Key Experimental Results¶
Main Results¶
| Model | Steps | GenEval↑ | DPG-Bench↑ | HPSv2↑ |
|---|---|---|---|---|
| BLIP3o-NEXT | 30 | 0.91 | 82.05 | 29.42 |
| BLIP3o-NEXT | 4 | 0.86 | 78.15 | 26.96 |
| BLIP3o-NEXT | 1 | 0.46 | 57.05 | 18.54 |
| EMF (Ours) | 4 | 0.90 | 81.20 | 29.25 |
| EMF (Ours) | 2 | 0.85 | 79.44 | 27.21 |
| EMF (Ours) | 1 | 0.74 | 77.36 | 25.77 |
| SANA-Sprint | 4 | 0.77 | - | - |
| rCM | 4 | 0.83 | - | - |
Ablation Study¶
| Configuration | GenEval (1-step) | Notes |
|---|---|---|
| BLIP3o-NEXT encoder + MeanFlow | 0.74 | High discriminability + high disentanglement |
| SANA-1.5 encoder + MeanFlow | Fails | Insufficient discriminability |
| SANA-1.5 encoder + SFT fine-tuning + MeanFlow | Still fails | Fine-tuning cannot compensate for encoder deficiencies |
Key Findings¶
- EMF with 4 steps nearly matches BLIP3o-NEXT at 30 steps (GenEval 0.90 vs. 0.91), achieving approximately 7.5× acceleration.

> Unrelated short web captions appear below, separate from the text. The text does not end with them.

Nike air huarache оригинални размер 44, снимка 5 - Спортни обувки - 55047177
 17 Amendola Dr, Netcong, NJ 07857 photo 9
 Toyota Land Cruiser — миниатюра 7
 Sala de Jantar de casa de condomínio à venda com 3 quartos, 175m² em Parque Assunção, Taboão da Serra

- EMF outperforms all distillation-based models (SDXL-Turbo/Lightning/DMD2, etc.) without requiring a teacher model.
- The SANA-1.5 encoder fails to function effectively within MeanFlow even after SFT fine-tuning, demonstrating that the intrinsic properties of the encoder — not the training data — are the bottleneck.
- EMF performance improves consistently with more inference steps (1→2→4→8), unlike conventional consistency models where performance saturates or even degrades as steps increase.
Highlights & Insights¶
- The systematic analysis of text encoder discriminability and disentanglement is highly valuable. Prior work typically evaluates final generation quality only; this paper delves into the properties of the text representation space, providing concrete metrics for selecting or designing text encoders for few-step generation.
- The analysis of "why class labels work in MeanFlow but text does not" is particularly insightful: class labels are inherently discrete and easily distinguishable, naturally possessing high discriminability.
- The comparison with consistency-based methods is also illuminating: consistency methods may degrade with more steps, whereas MeanFlow — as a stable discretization of a continuous flow — continuously benefits from additional steps.
Limitations & Future Work¶
- Validation is currently limited to BLIP3o-NEXT, an encoder that happens to exhibit both high discriminability and high disentanglement; generalizability to other encoders meeting these criteria remains uncertain.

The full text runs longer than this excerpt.